И второе – форма. Как бы ни ослаблена была художественная составляющая текста, но она, тем не менее, присутствует и определяет контекст, в котором произносятся все эти брутальности. Контекст художественного произведения. Именно это позволяет ему уходить от дурной однозначности, категоричности суждения, оставляя некую естественную свободу интепретации.
У каждого высказывания, каждой формулировки есть еще и интонация произносящего ее героя, есть ситуация, в которой это происходит, и это тоже входит в ее содержание.
Интонаций здесь много, но главенствует интонация человека, уязвленного неблагообразием устройства жизни. И к цинизму это уже отношения не имеет. Циник, в отличие от мизантропа, не страдает. А здесь страдание (героя или автора) почти отроческое – ну, скажем, такой вот «парадокс»: если вдруг ты вдруг почувствуешь зависимость от женщины, лучшее средство обрести полную свободу от чувств – заглянуть ей в душу. И твой морок пройдет мгновенно. Вряд ли циник когда либо испытывал потребность в формулировании подобного: нет же у нас потребности изумленно восклицать, что камень твердый, а вода мокрая. Значит, для героя (и автора) это – открытие, и оно язвит.

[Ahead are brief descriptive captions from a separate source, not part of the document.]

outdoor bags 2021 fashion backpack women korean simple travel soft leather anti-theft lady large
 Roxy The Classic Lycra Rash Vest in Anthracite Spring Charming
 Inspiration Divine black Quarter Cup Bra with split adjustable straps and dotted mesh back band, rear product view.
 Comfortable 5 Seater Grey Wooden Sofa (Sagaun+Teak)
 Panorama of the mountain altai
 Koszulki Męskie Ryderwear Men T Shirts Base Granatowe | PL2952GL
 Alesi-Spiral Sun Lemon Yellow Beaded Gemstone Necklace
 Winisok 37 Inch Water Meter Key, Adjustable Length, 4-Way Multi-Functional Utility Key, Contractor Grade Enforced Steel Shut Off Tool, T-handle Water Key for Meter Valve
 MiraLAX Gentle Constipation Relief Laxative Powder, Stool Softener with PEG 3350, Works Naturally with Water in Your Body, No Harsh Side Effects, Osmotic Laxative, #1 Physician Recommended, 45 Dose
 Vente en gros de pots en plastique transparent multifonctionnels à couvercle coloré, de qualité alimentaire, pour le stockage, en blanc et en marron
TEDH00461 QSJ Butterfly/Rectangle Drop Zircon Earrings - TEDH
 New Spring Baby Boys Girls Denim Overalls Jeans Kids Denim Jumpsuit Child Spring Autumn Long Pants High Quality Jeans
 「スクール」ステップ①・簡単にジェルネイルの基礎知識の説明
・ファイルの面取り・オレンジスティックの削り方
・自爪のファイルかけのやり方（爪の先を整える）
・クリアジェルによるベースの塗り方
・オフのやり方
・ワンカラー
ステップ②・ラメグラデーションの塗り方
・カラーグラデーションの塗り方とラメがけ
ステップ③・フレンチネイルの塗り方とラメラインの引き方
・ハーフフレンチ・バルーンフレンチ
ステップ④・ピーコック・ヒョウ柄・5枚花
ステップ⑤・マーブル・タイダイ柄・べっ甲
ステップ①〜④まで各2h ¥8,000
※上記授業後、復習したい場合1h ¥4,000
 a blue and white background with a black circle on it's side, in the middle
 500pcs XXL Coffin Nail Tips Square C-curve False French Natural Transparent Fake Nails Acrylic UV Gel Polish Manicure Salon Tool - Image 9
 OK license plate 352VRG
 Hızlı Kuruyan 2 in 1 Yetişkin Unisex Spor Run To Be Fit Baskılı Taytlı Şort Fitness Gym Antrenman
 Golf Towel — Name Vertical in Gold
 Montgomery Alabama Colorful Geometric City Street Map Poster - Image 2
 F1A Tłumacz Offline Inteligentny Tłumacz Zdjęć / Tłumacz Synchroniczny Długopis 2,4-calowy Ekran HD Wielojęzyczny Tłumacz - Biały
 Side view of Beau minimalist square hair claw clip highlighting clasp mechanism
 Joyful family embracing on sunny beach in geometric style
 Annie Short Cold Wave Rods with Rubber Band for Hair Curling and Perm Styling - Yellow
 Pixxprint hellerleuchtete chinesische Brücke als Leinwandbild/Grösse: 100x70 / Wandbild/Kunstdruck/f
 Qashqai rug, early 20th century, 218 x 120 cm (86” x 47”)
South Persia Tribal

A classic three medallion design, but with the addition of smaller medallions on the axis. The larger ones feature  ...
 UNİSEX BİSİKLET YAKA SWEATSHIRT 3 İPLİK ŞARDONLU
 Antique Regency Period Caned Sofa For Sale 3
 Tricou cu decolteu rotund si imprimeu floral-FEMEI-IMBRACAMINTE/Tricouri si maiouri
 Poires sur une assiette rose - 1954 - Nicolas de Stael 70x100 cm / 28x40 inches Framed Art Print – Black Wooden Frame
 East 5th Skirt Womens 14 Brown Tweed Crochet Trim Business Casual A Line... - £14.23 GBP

То же касается и «гламура», и «дискурса», и денег и проч. И вот как раз это присутствие в выстраивании автором вампирической концепции интонаций горечи и почти отроческой обиды и спасает роман. Неожиданного почти безупречного сделанного гламурного – по сюжету, выбору образов, по антуражу, «философской начинке» и т. д. – повествования. Нет, это роман не брутальный, самодовольно-циничный, а, скорее, грустный.